Als we deze uitwerking zouden analyseren zullen we ontdekken dat sommige beloften individueel op Abraham van toepassing zijn. Andere beloften zijn nationaal en van toepassing op Israël als volk. Tenslotte zijn er ook beloften die spreken van een universele zegen voor de volkeren.
De bepalingen van het Palestijns verbond.
Het zogenaamd Palestijns verbond is vermeld in Deuteronomium 30:1-10 en omhelst het volgende:
(1) Het volk zal uit zijn land verdreven worden vanwege hun ontrouw (Deut.28:63-68; 30:1-3).
(2) Er zal een toekomstige inkeer zijn van Israël (Deut.2!:63-68; 30:1-3).
(3) Hun Messias zal terugkomen (Deut.30:3-6).
(4) Israël zal hersteld worden in het land ((Deut.30:5).
(5) Israël zal veranderd worden als volk (Deut.30:4-8; Rom.11:26-27).
(6) Israëls vijanden zullen geoordeeld worden (Deut.30:7).
(7) Het volk zal dan hun volle zegeningen ontvangen (Deut.30:9).
De bepalingen van het Davidisch verbond.
De belofte door God gedaan aan David zijn vermeld in 2 Samuël 7:12-16 en bestaat uit de volgende zaken:
(1) David zou een nakomeling krijgen die hem zou opvolgen en het koninkrijk oprichten.
(2) Deze zoon (Salomo) zou de tempel bouwen in plaats van David.
(3) De troon van dat koninkrijk zou bestaan voor eeuwig.
(4) De troon zou hem (Salomo) niet ontnomen worden hoewel zijn zonden tuchtiging rechtvaardigen.
(5) Davids huis, troon en koninkrijk zullen voor altijd zeker zijn.

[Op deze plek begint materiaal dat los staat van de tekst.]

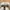 Converse Vintage Casual Casual shoe Pria white black photo 2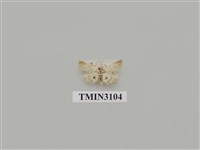 藏品(螟蛾168)的圖片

De bepalingen van het Nieuw verbond.
Het nieuwe verbond dat aan Israël beloofd is wordt vermeld in Jeremia 31:31-34 en bevat de volgende beloften aan het volk Israël, die vervuld zullen worden in het Vrederijk:
(1) Het Nieuwe verbond is een onvoorwaardelijk, genadeverbond gebaseerd op het ‘Ik wil’ van God. De veelvuldige aanhaling van dat begrip vinden we in Jeremia 31:31-34, conform Ez.16:60-62.
(2) Het Nieuwe verbond is een eeuwig verbond. Dat is inherent aan het gegeven dat het verbond onvoorwaardelijk is en gegeven in genade (Jes.61:2, conform Ez.37:26; Jer.31:35-37).
(3) Het Nieuwe verbond belooft ook het schenken van een vernieuwde geest en hart, wat we de wedergeboorte kunnen noemen (Jer.31:33, conform Jes.59:21).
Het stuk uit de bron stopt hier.